Pease and his wife, Barbara, wrote the relationship manual, Why Men Don't Listen and Women Can't Read Maps.
The book asserts male and female brains were "hard-wired" during a prehistoric time when men needed spatial skills and physical strength, while women needed to nurture and read people.
Not everyone bought into their theory but the book sold 12 million copies and the Peases have built a global empire involving videos, seminars, more books and a television programme.
The Peases arrived here on Anzac Day to hold seminars about getting along with neighbours, friends and the opposite sex.
The starting principle in their latest book, Easy Peasey People Skills, is that self interest still drives everyone.
Everyone wants to be complimented, to feel important and to talk about themselves. Pease says compliments work for everyone so long as they are sincere.

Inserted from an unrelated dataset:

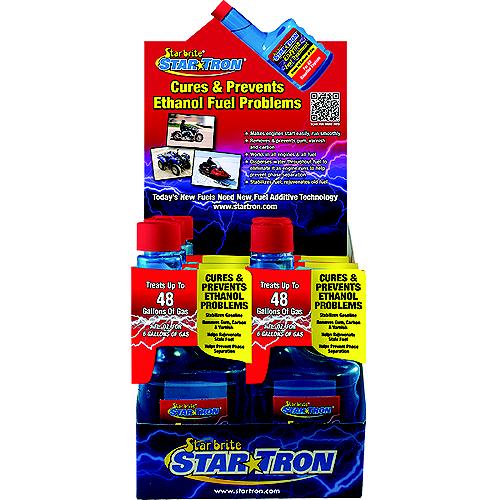 Starbrite Star Tron® Gas Additive Mini Counter Top Display - 14616 - 74-14616F1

He breaks compliments down into being about behaviour, appearance or possessions with behavioural ones being the most effective.
A lot of the Peases' advice seems self-evident and yet many people have a hard time doing simple things - especially men.
Pease says thanks to evolutionary hard-wiring, women have all the natural advantages when it comes to communicating.
He estimates about 50 per cent of all men do not have good interpersonal skills and don't want or know how to improve them.
Such men have difficulty maintaining relationships and "women today don't have to stick around (if they're unhappy); they don't have to be dependent on men".
Poor people skills can also sabotage careers as "all business now is about relationships". Women have a natural advantage because of their relationship skills.
For men, successful communication does not mean thinking like women - it just means borrowing some of their methods. And men who are popular with women? "They understand better how women think and have strategies for appealing to them."